RM01 = stiffness + performance + low weight, in that order. It has a noticeably more rigid drivetrain feel, primarily due to the absence of TCC stays - this also makes it less suitable for distance riding on rough roads. Even with a comfy saddle (Prologo Sratch Pro TR) and Assos bibs, I found 2 hours of hard riding on the RM01 was enough to make me consider a better-padded saddle.

No BMC frameset has a rider weight limit, which hints at the fact it caters for western morphology just fine. If anything, your weight suggests that the deflection of the TCC Race Post and stays on the SLR01 would be minimised to the point of being optimal. Very heavy riders have commented that the combination of TCC stays and TCC post on the SLR01 made the bike feel almost "too comfortable". This can be construed, incorrectly, as perceived lack of stiffness.

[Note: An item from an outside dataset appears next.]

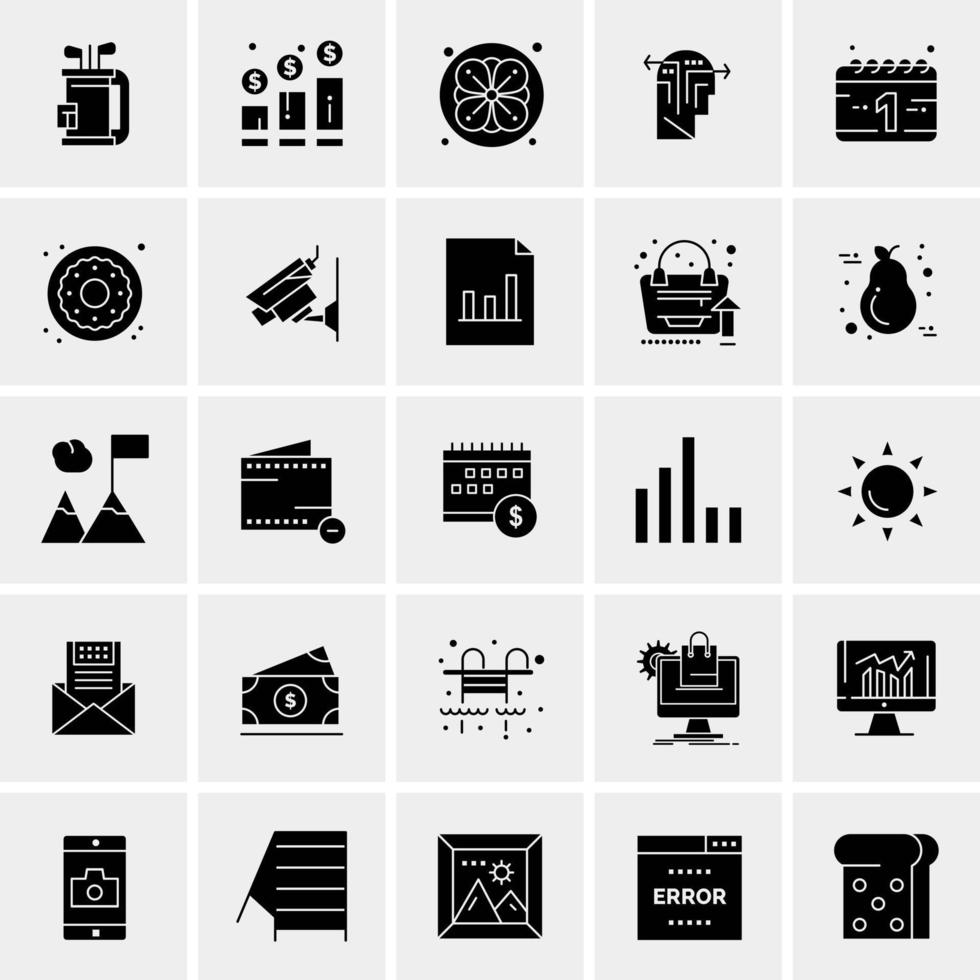 25 iconos de negocios universales vector ilustración de icono creativo para usar en proyectos relacionados con la web y dispositivos móviles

More information on you as a rider would help, but I think the SLR01 would be the best of the two frames you've mentioned - especially given your relatively low weight.


----------



## tyro (May 15, 2005)

Camikaze said:


> Given your statement of "...will be using the bike for training, racing and general riding", the empirical demand of "...stiff enough but not too stiff", and "comfort is important too"I would lean towards the SLR01.


Well, that about answers it! Thanks a lot for the info. I think I'll lean towards the SLR01. I like to be somewhat comfortable when I'm suffering...if that's even possible?

The RM01 sounds way too stiff for me.


----------



## Neal71 (Dec 2, 2010)

Thanks for the great review of the two


----------



## scirocco (Dec 7, 2010)

I have a RM01 and am 160lbs. I find it very stiff and after a 3 or 4 hour ride I was feeling a bit beat up compared to my previous comfort oriented carbon frame.

However after changing the saddle, plus just riding it more and getting used to it, I don't mind the ride too much. However if I had my time over again I would pay the extra and get the SLR01. But the RM does go like hell when you hammer it. I guess the SLR01 would as well.

I agree with previous comments that for a lighter rider not concerned with ultimate performance the SLR01 is probably the one to get.


----------



## looigi (Nov 24, 2010)

scirocco said:


> I agree with previous comments that for a lighter rider not concerned with ultimate performance the SLR01 is probably the one to get.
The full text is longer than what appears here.